Some western media had listed Arinze as a top contender in speculative stories on the prospects of a black Pope emerging. "Cardinal Peter Turkson of Ghana and Cardinal Francis Arinze of Nigeria are in the frame to become the first ever-black pope, certainly in the modern era," reports the British Telegraph newspaper on Wednesday.
But under the terms put in place by Pope Paul VI, cardinals who had reached the age of 80 before the conclave opens had no vote in Papal elections.
Again, the current rules for the election of the Roman Pontiff; those put in place by Pope John Paul II on February 22, 1996, state that "cardinals who have reached the age of 80 before the day the See becomes vacant do not have a vote."

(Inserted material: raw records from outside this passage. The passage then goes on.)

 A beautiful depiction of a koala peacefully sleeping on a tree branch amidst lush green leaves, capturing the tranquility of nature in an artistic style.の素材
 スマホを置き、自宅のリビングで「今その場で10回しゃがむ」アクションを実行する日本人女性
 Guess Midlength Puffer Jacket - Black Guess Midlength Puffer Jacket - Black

Further checks in Wikipedia, a respected online encyclopaedia showed that cardinal Arinze was among the Cardinals listed as having reached the age of 80 and, as a result, lost the right to participate in a conclave.

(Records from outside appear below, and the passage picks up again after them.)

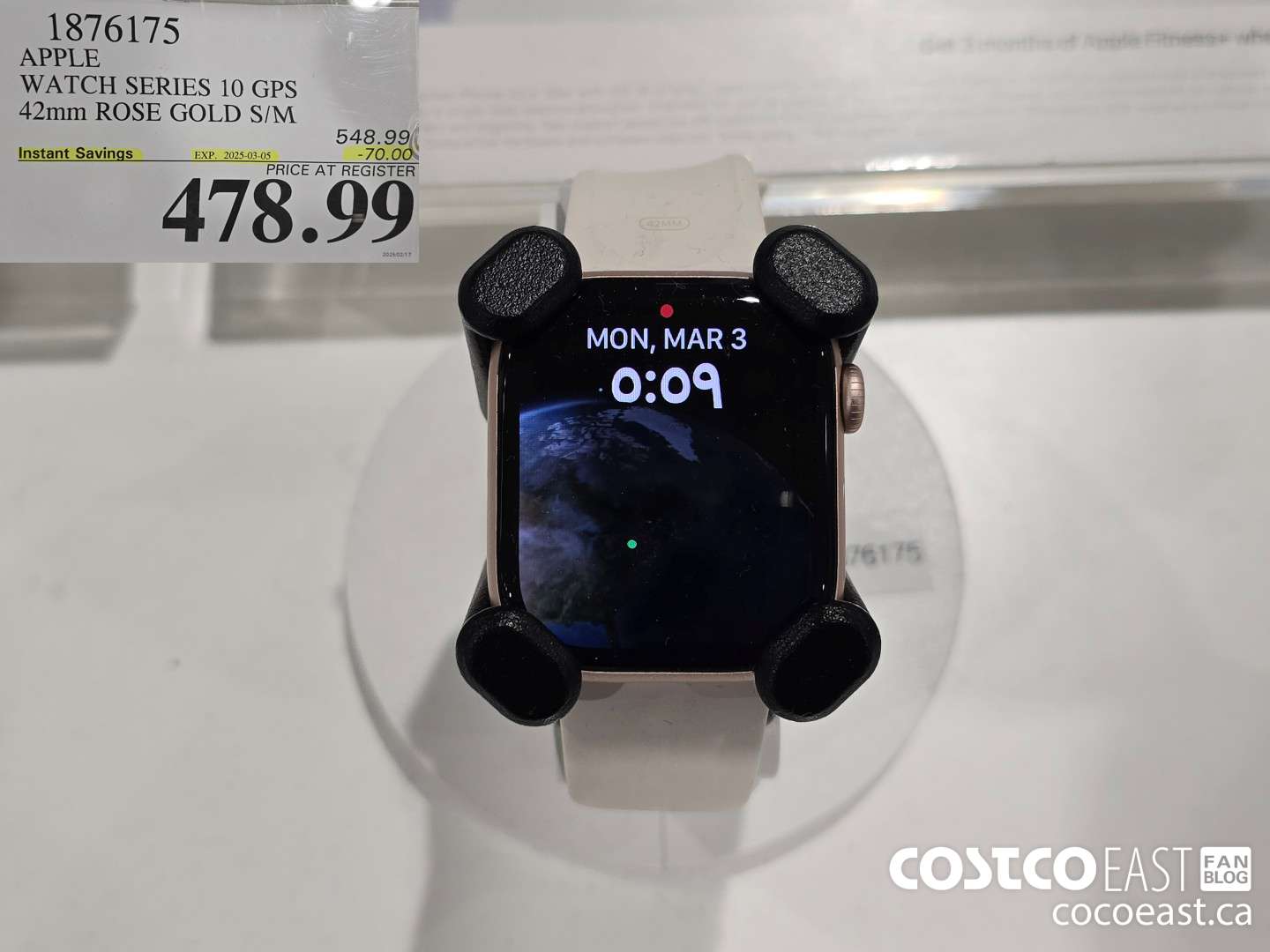 1876175 APPLE WATCH SERIES 10 GPS 42mm ROSE GOLD S/M ($70.00 INSTANT SAVINGS EXPIRES ON 2025-03-05) $478.99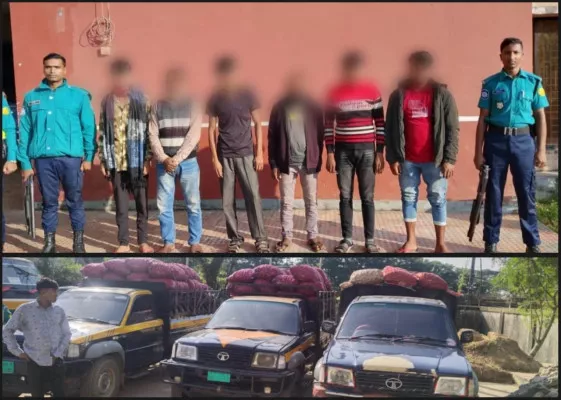 সিলেটে ১০ লাখ টাকার অবৈধ ভারতীয় পেঁয়াজ জব্দ, আটক ৬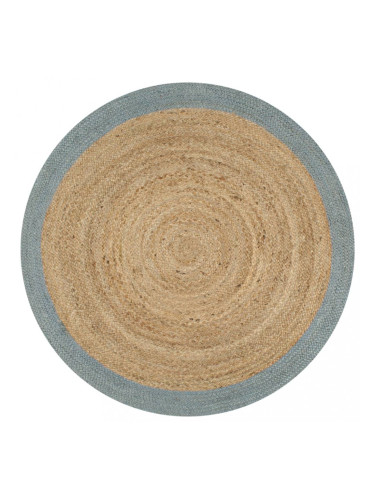 Sonata Ръчно тъкан килим от юта, маслиненозелен кант, 120 см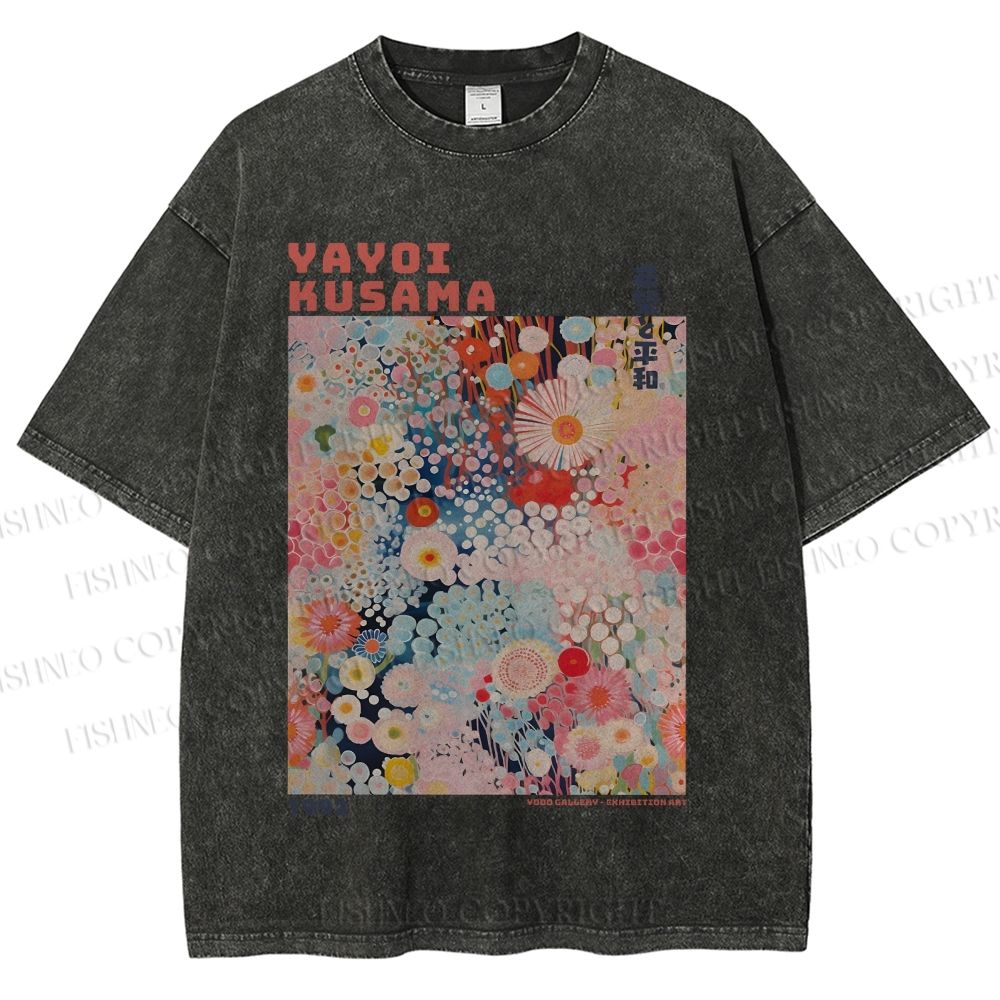 Unisex Japanese Flower Yayoi Kusama Printed Washed Tee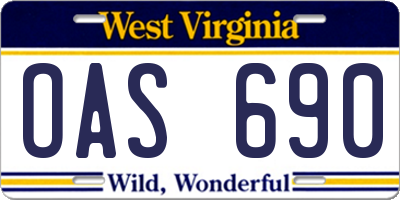 WV license plate OAS690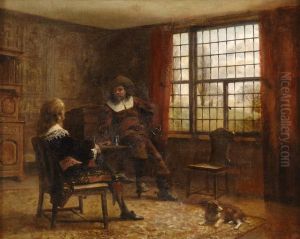Interieur Mit Edelherrn Und Hund. by John Dodgson Barrow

Cardinal Arinze was born on November 1, 1932. He was 80 last year and has thus lost his right to participate in a conclave because of age.

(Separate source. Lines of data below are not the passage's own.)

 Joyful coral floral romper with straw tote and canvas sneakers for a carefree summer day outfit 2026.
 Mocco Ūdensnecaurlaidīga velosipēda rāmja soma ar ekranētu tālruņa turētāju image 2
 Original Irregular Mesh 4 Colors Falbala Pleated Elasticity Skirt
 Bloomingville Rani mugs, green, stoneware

When asked to comment on the eligibility of Cardinal Arinze, Monsignor Gabriel Osu who heads the communication department of the Lagos Catholic Archdiocese said: "Well, I am certain of Okogie and I am certain of Onaiyekan. Arinze I am not too certain. His age is 80 plus. What I have said is subject to correction. But I know that Okogie and Onaiyekan are within the range. These are the two. Arinze, being 80 plus, I doubt. I am subject to correction, but I doubt."
Arinze has been Cardinal since May 25, 1985. He is the Cardinal Bishop of Velletri-Segni - succeeding Joseph Ratzinger, who became Pope Benedict XVI. He is also the Prefect Emeritus of the Congregation for Divine Worship and the Discipline of the Sacraments.
The cardinal was one of the principal advisors to Pope John Paul II, and was considered papabile before the 2005 papal conclave, which elected Pope Benedict XV1.
With Arinze most likely out, two other Nigerian Cardinals are still in the race. They are Cardinal John Onaiyekan who is 69 and Cardinal Olubunmi Okogie who is 76.
Onaiyekan was elevated to the post of Cardinal by Pope Benedict XVI in a Consistory on 24 November 2012. As Cardinal-Priest, he was assigned the titular church of San Saturnino. Onaiyekan was born on January 29, 1944 in Kabba, Kogi State.
Okogie was born on 16 June, 1936 in Lagos. He was proclaimed Cardinal by Pope John Paul II in the consistory of 21 October 2003, and holds the title of Cardinal Priest of Santa Maria del Monte Carmelo a Mostacciano (Blessed Virgin Mary of Mt. Carmel of Mostacciano).